Vai's self-produced, self-released 1984 solo debut Flex Able came out between his collaborations with Frank Zappa and Alcatrazz, and it still remains one of his best albums. Alternately playful, soulful, and hard-rocking, the three selections from this album on the compilation are ambitious, yet accessible. The gorgeous "Salamanders in the Sun" has Zappa written all over it, with its complex rhythms, whimsical melody, and jazz influences. "The Attitude Song" fuses rock and funk, while the more wistful acoustic tune "Burnin' Down the Mountain", from the outtakes collection Flex-Able Leftovers, has more of a contemplative, Jimmy Page feel, not to mention a hint of an Eastern feel that Vai would explore more deeply on subsequent releases.
1990's Passion and Warfare has Vai at his most ambitious, as he seemingly tries anything and everything, from the pompous strains of "Liberty", to the wicked hard rock of "The Animal", but it's the more progressive rock-influenced songs such as "The Riddle", "For the Love of God", and especially the emotional "Blue Powder" that stand out the most.
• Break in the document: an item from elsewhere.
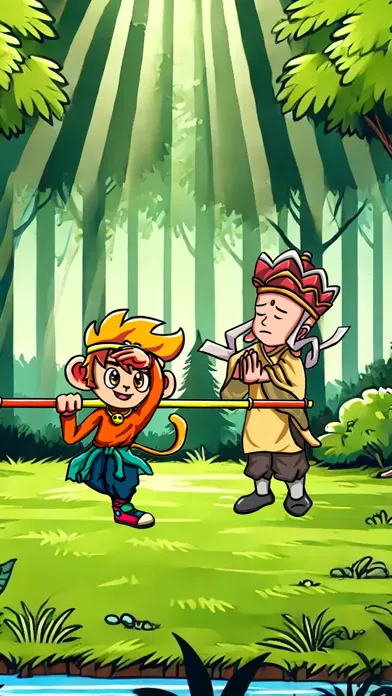Captures d'écran de Monkey Music Journey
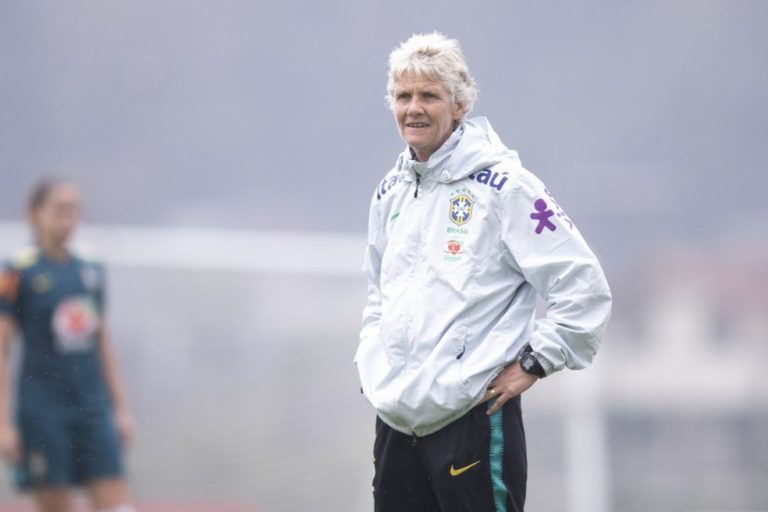 PIA SUNDHAGE. RENOVAÇÃO. 2024. SELEÇÃO BRASILEIRA DE FUTEBOL FEMININO.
The tracks "Babylon" and "Fire Garden Suite: Bull Whip, Pusa Road, Angel Food, Taurus Bulba", from 1996's Fire Garden reach thrilling heights for its 13 minute duration, coming close to matching the likes of King Crimson, with its intricate prog-rock arrangement. The much more silly "Ya-Yo Gakk" is a cute interchange between Vai's guitar and his son's toddler babbling, while "The Blood & Tears", from 1999's The Ultra Zone, is a sumptuous blend of Vai's guitar rock with Indian vocals. Also from the same album, Vai pays fitting tribute to Frank Zappa on the aptly titled "Frank", and to Steve Ray Vaughan on "Jibboom".
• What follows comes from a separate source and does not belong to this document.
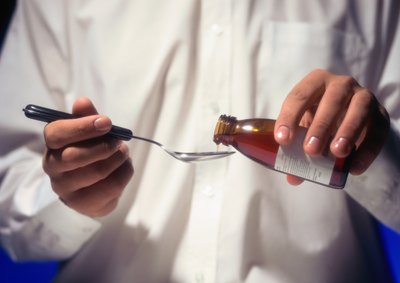 Amoxicillin comes in a liquid form for children and a pill form for adults.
The rest of the anthology, though, starts to get too repetitive for anyone who isn't the biggest guitar enthusiast, and it's also disappointing to note that none of Vai's work with Zappa and Public Image Ltd. is represented on the compilation. The problem with the compositions that fail to work is an obvious one, in that there's no memorable melody whatsoever, as the listener quickly gets overwhelmed by preening, emotionless solos and forgettable riffs. Songs like "Rescue Me or Bury Me" and Whitesnake's "Kittens Got Claws" are nothing but empty exercises in shallow lite metal, and Vai's tepid cover of "Christmas Time is Here" lacks any feeling whatsoever. That remains the one major flaw in Vai's music; unlike his buddy Satriani, whose Surfing With the Alien is simple, fun, instrumental rock 'n' roll, Vai often tries too hard to impress. He's managed to make good music sporadically for the past two decades, but The Infinite Steve Vai lacks enough quality material to warrant a two-disc set.